Records provided =

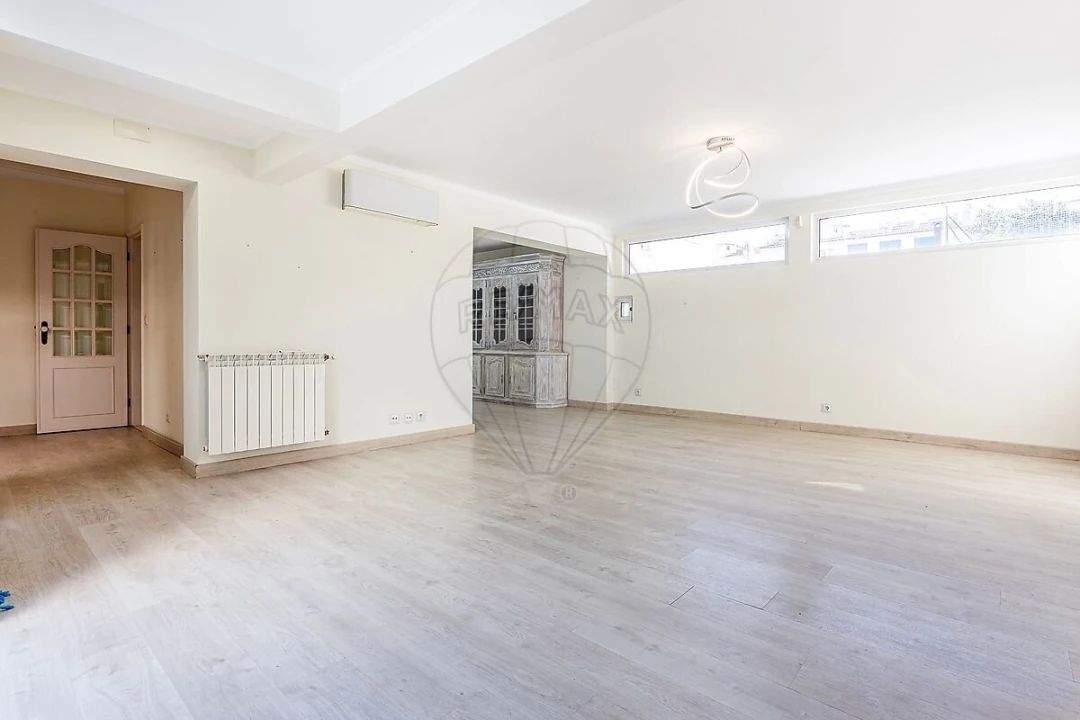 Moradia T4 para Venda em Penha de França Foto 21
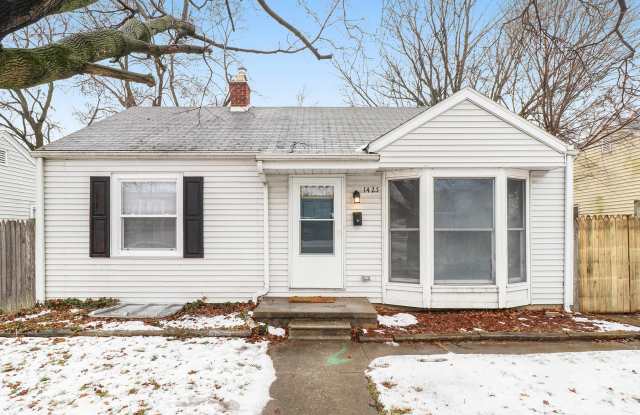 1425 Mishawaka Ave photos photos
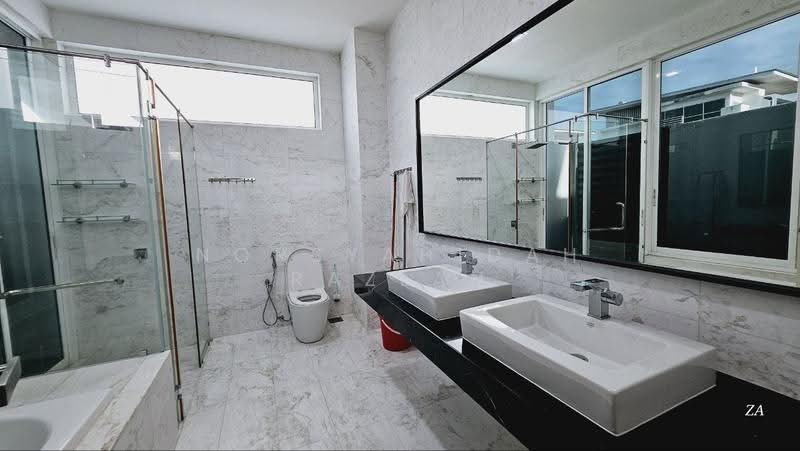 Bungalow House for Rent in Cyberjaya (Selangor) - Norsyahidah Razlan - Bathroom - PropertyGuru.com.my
--
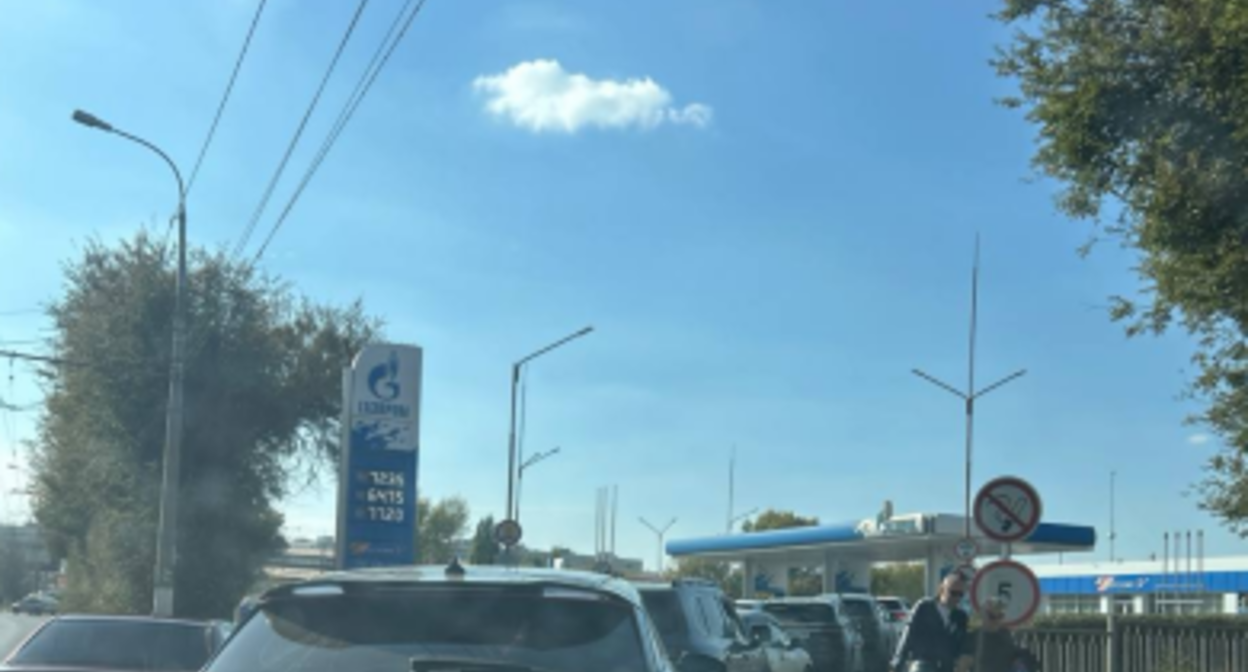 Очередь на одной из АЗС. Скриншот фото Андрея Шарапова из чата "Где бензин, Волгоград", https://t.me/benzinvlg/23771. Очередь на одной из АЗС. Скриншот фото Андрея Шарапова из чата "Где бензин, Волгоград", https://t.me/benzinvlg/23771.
---
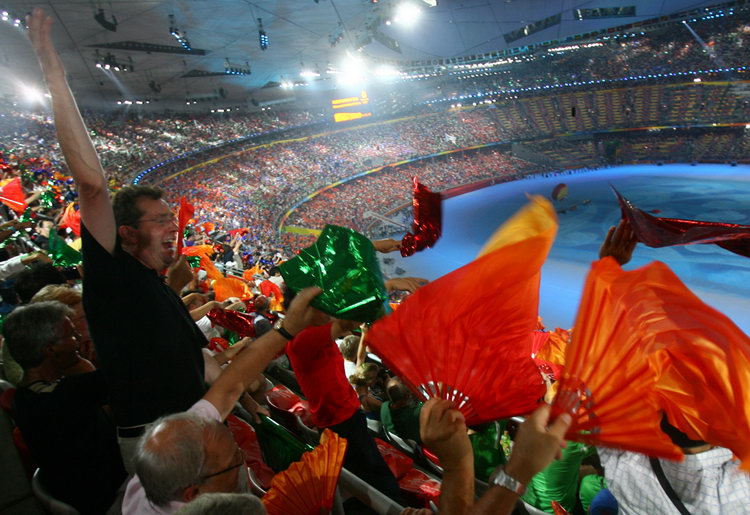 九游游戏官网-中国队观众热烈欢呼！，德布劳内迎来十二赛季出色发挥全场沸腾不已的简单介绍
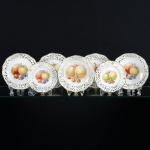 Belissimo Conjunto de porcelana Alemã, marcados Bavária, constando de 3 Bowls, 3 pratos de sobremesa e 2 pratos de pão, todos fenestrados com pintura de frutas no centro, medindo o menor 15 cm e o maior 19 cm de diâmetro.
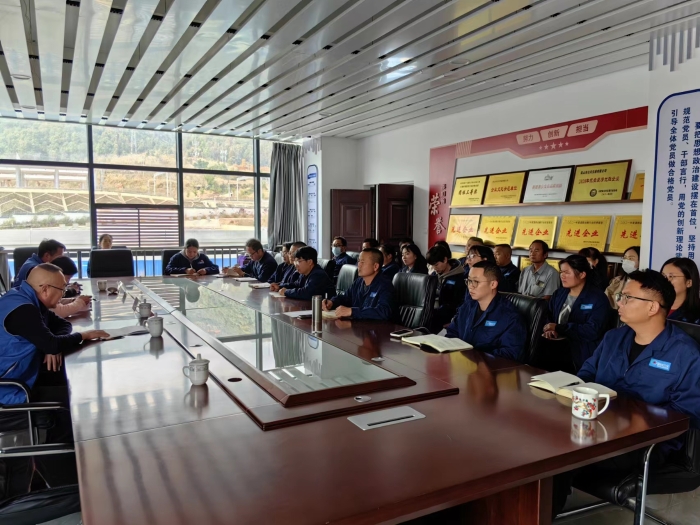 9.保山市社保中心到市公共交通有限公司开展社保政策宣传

Work request = Nothing but the lines above, starting at the line that contains "九游游戏官网-中国队观众热烈" and ending at the line that contains "9.保山市社保中心到市公共交通有限公司开展社保政策宣传", should be given again, exactly and without the pictures.

Answer to the problem =
 九游游戏官网-中国队观众热烈欢呼！，德布劳内迎来十二赛季出色发挥全场沸腾不已的简单介绍
 Belissimo Conjunto de porcelana Alemã, marcados Bavária, constando de 3 Bowls, 3 pratos de sobremesa e 2 pratos de pão, todos fenestrados com pintura de frutas no centro, medindo o menor 15 cm e o maior 19 cm de diâmetro.
 9.保山市社保中心到市公共交通有限公司开展社保政策宣传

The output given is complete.